As with any industry, forecasts are in part based on what’s happening with the U.S. economy.

The executive summary of the Freight Forecast notes that the forecast is being released when the U.S.  economy is experiencing some volatility as uncertainties mount.

“Despite prospects for solid trend-like growth in the U.S. in 2019, investor concerns over rising risks of a downturn after 2019, stoked by developments abroad and policy concerns, resulted in sharply worsening financial conditions in late 2018.

“Helped by a dovish pivot in Federal Reserve Board monetary policy, a recovery in financial conditions is now supporting Gross Domestic Product (GDP) growth above trend. The second estimate of first-quarter 2019 U.S. GDP growth was 3.1%, up from 2.2% in the fourth quarter of 2018 and in line with the strong 2.9% economic growth for 2018. The healthy economy in 2018 resulted in a very strong freight market for the year.

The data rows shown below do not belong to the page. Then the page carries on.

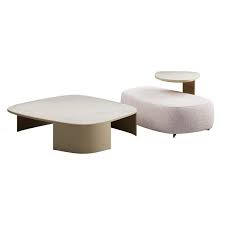 Check out the eight examples of coffee table alternatives below to get inspired to switch up your own living room layout. Poliform Pouf Saint Germain And Koishi Coffee Table 3d Model Download 3d Model Poliform Pouf Saint Germain And Koishi Coffee Table 127411 3dbaza Com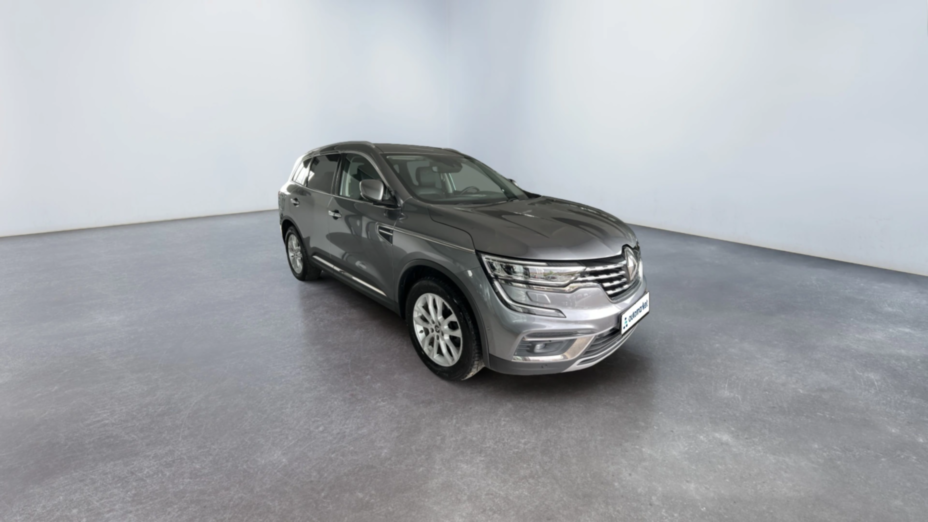 RENAULT Koleos Koleos 2.0 Blue dCi Intens 4x4 X-Tronic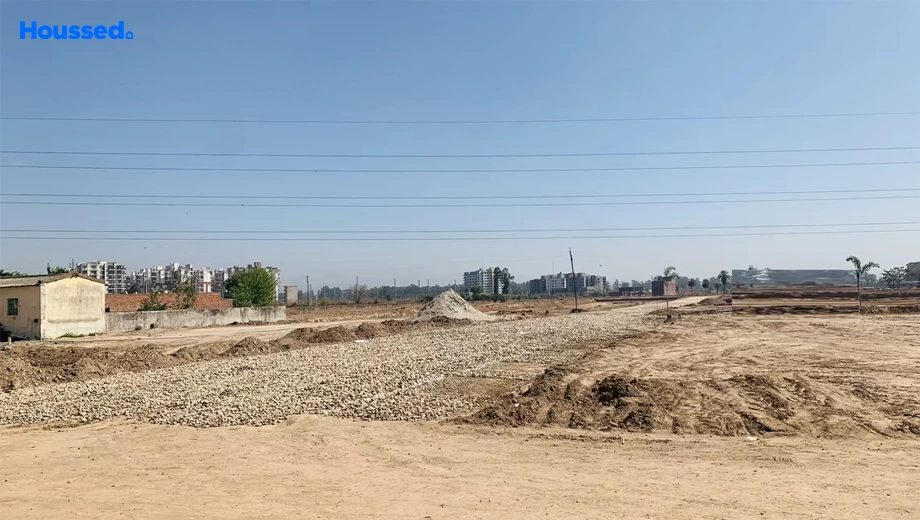 Project Image of Alaknanda Eden Estate Land - Image 393159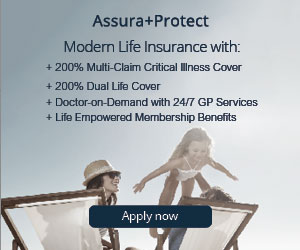 Life Insurance for your modern-day needs – Business Horizon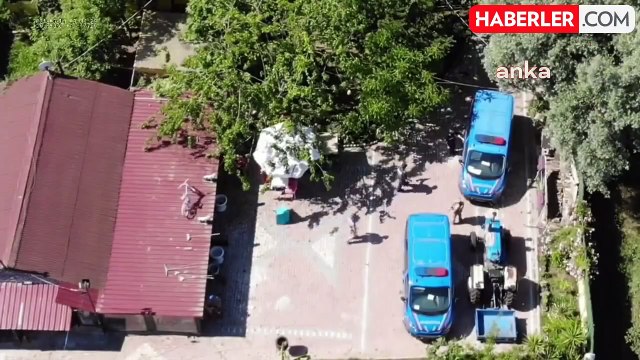 İçişleri Bakanı: 6 Organize Suç Örgütü Çökertildi, 75 Şüpheli Yakalandı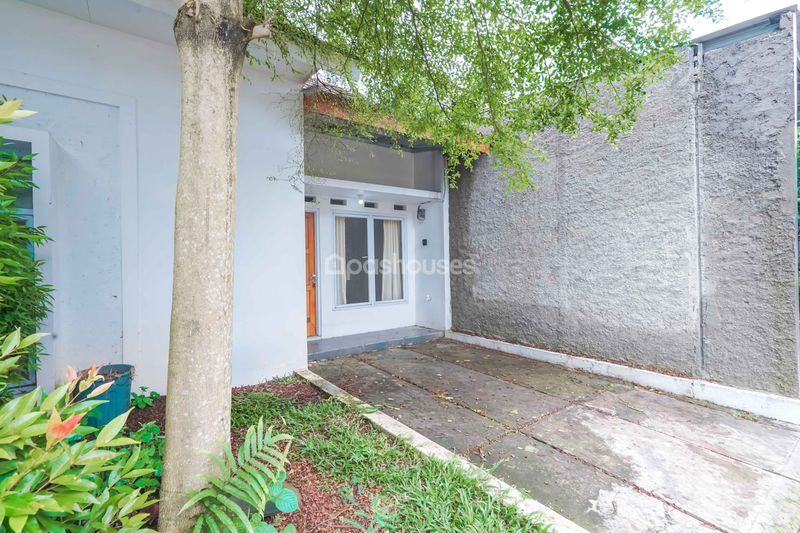 Cluster Mulia Residence No.132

“The robust first-quarter pace of 2019 economic growth is expected to be temporary, as it was driven by two sources of strength that could easily reverse later this year: inventory investment and net exports. Both components are volatile and rarely indicative of underlying momentum in the economy.

“Real 2019 GDP growth is expected to moderate beginning in the second quarter, and we look for a 2.7% increase for calendar year 2019. We predict annual real GDP growth will slow further to 2.1% in 2020 and 1.8% in 2021, with implications for slower growth in freight transportation demand.

“Freight Forecast clearly lays out why meeting challenges like infrastructure and workforce development are so critical to our industry’s success,” said ATA President and CEO Chris Spear. “It belongs on the desk of every decision maker in our industry and in the supply chain.”